No one saw or knows how the tragic accident happened. It is important to note that there was no evidence that the barricade was broken or defective or inadequate ; nor was there any proof that the present barrier should have been extended or that a barrier should have been erected at any other spot. It is apparently necessary to restate the principles of law which are applicable to the facts in the instant case.

In Finnin v. Neubert, 378 Pa. 40, 105 A. 2d 77, the Court said (page 43) : “Deep sympathy for this boy. does not justify a Court’s finding negligence unless the evidence justifies it. We said in Brusis v. Henkels, 376 Pa. 226, 102 A. 2d 146, “‘. . . ‘The mere happening of an accident is no evidence of negligence . . . Plaintiff *414has the two-fold burden of proving that the defendant was negligent and that his negligence was the proximate cause of the accident:’* . . : Lanni v. P. R.R. Co., 371 Pa. 106, 109, 88 A. 2d 887. . . .’

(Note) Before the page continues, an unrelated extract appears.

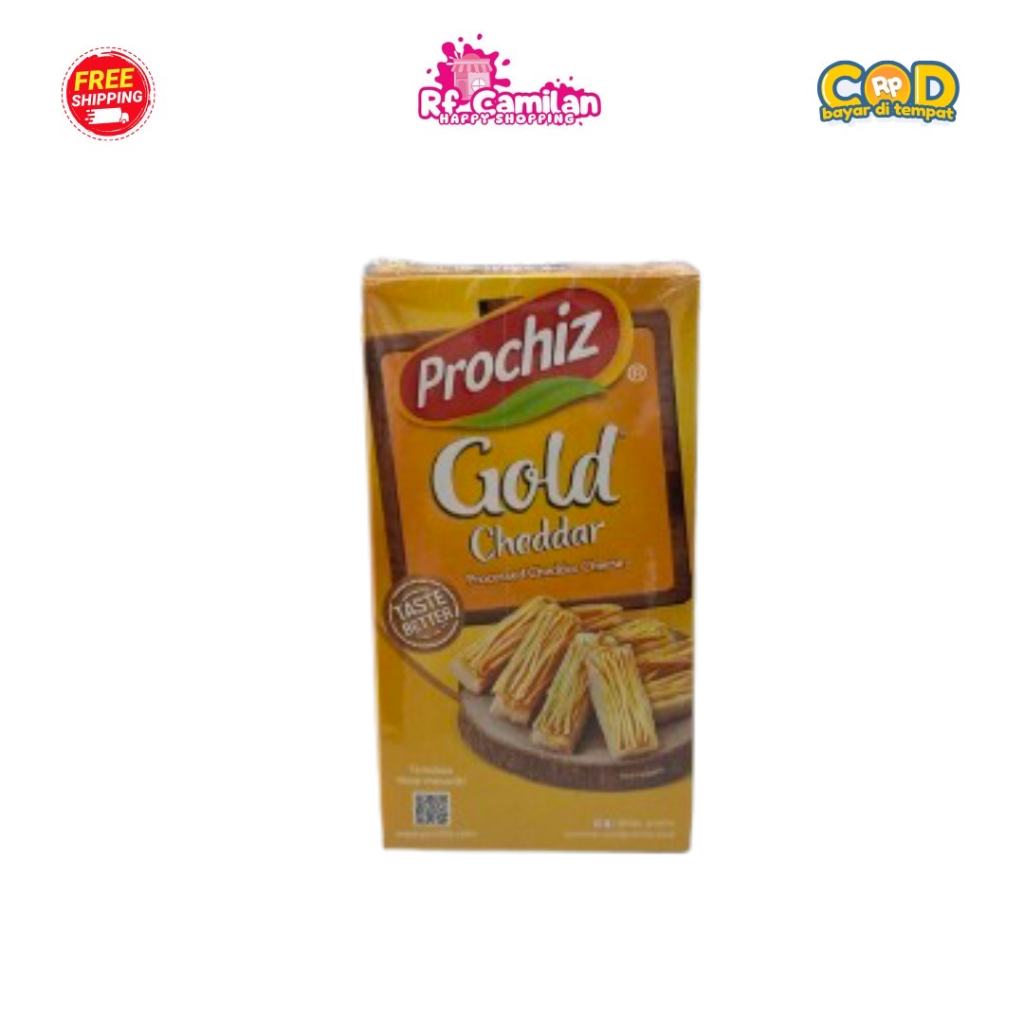 

Keju Prochiz Gold Chaddar 160gr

“. . . [In] Ebersole v. Beistline, 368 Pa. 12, 82 A. 2d 11, . . . The Court said (pp. 16, 17, 18) : ‘The evidence is insufficient to warrant recovery if it fails to describe, picture or visualize what actually happened sufficiently to enable the fact-finding tribunal reasonably to conclude that the defendant was guilty of negligence and his negligence was the proximate cause of the accident.** A verdict cannot be supported on the basis of mere speculation or conjecture. Proof of negligence may be furnished by the circumstances themselves and it is not essential to have eye-witness testimony, but where the' circumstantial evidence is offered because direct proof is not available it must provide as the only reasonable inference the conclusion that the accident was caused by the negligence of the defendant. . . .

“. . . There was no proof of absence or want of due care on the part of the defendant and conjecture, speculation, guess or suspicion do not amount to proof. The circumstantial evidence does not provide as the only reasonable inference the conclusion that the accident was caused by the negligence of the defendant; . . .”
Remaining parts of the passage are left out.